There are other aspects of the Bill that we like. It contains a provision on sustainable development, although we would have liked it to include a definition of that. We hope that the regulations will be effective. At least there is now the intention for sustainability to form part of the planning process. Although the clauses that concern Wales have not found universal approval, no one can find any reason to object to them and the Welsh seem happy with them, so that is good enough for me. The local development orders represent a step forward and the Bill's provisions on Crown immunity are long overdue. Although I am worried that the section 106 reforms might have perverse consequences for affordable housing—I am sure that the Minister will work to try to prevent that—the changes are broadly welcome, as are the Bill's compulsory purchase provisions.
We have some worries about the Bill, though. We did not discuss the simplified planning zones—or "Gordon's planning zones", as I call them—at length in Committee. I think that the provisions are in the Bill only because the zones were mentioned in last year's Budget. If the Office of the Deputy Prime Minister were honest, I am sure that it would rather that the provisions were not in the Bill because broadly similar provisions exist, although no one—including developers—uses them or is enthusiastic about them. Developers and businesses often prefer a structured process to a simplified one. When development takes place, people want to ensure that there is some control on what happens next door. I suspect that the Bill's provisions on such zones will not be used.

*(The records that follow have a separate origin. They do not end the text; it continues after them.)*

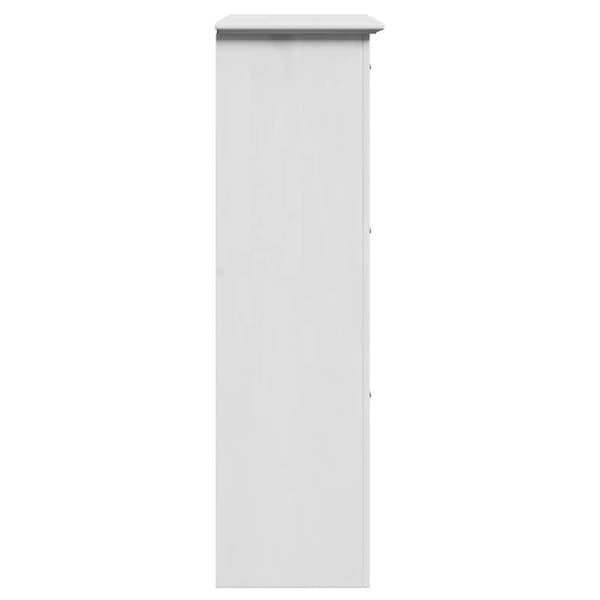 Skohylla BODO vit 80x35x118 cm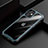 Custodia Silicone Trasparente Specchio Laterale Cover M03 per Apple iPhone 12 Mini Blu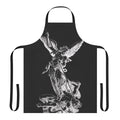 Artwork depicting Archangel Michael defeating the devil, a powerful religious and spiritual image.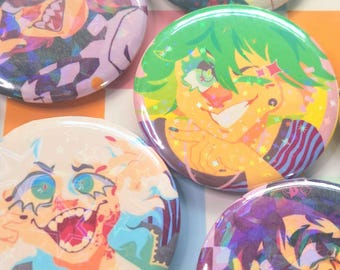 Danganronpa Buttons & Stickers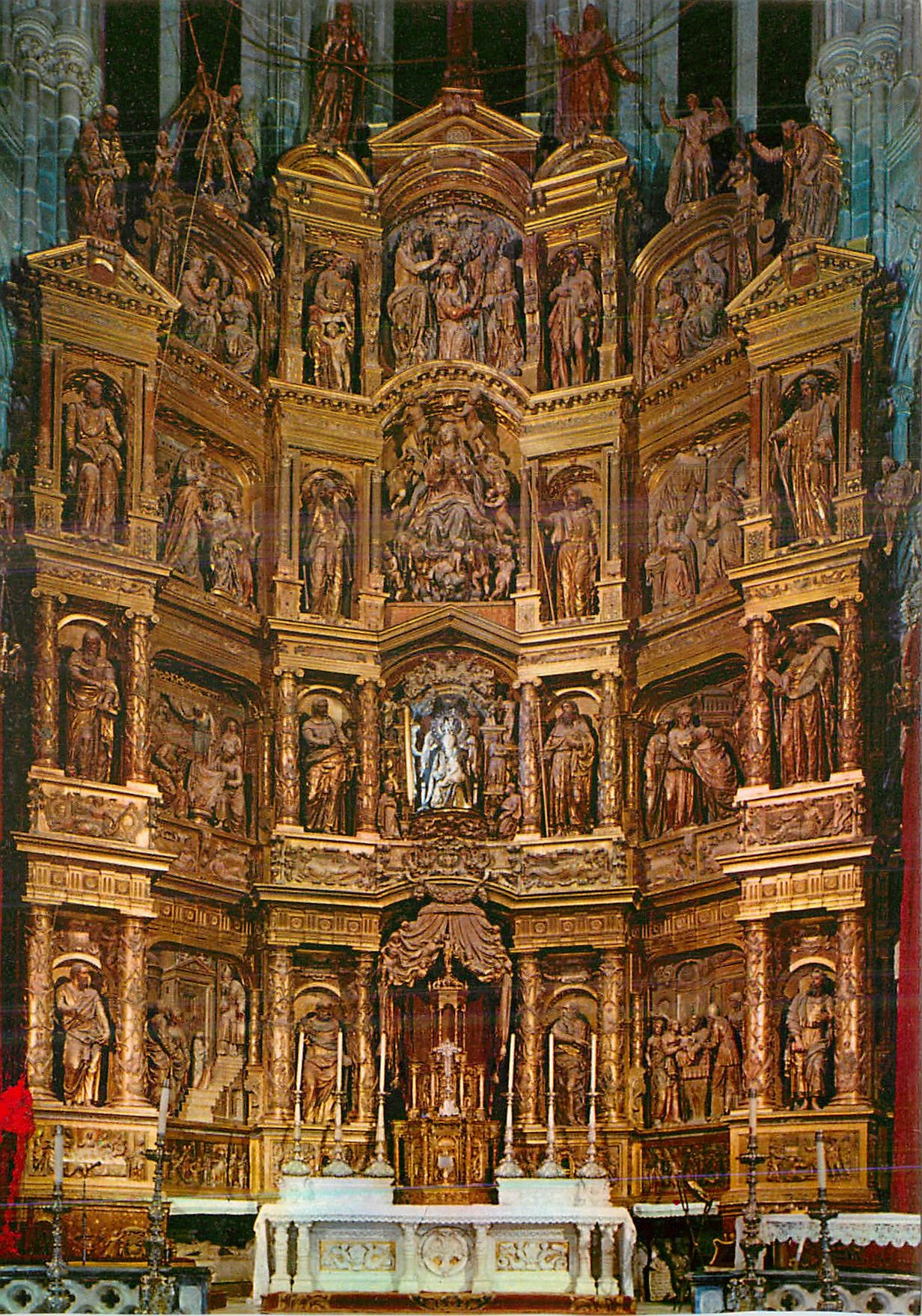 CPM Burgos (Catedral) Main Altar Retable (XVIth Century)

We are also worried about the introduction of statements of development principles. The Government rightly had to row back from abolishing outline planning permission because of the question of land banks and their value. There is a danger that the statements of development principles will become rapidly discredited because they will be relatively worthless. It would be good if the shift from outline planning permission to statements of development principles could be achieved, because the statements would allow planners to detail what they would like to see on a site, rather than using a reactive system in which they must wait for applications to come forward. However, it will be difficult to make that transition and given that the Government are rightly allowing outline planning permission to continue, the statements of development principles will be fairly worthless.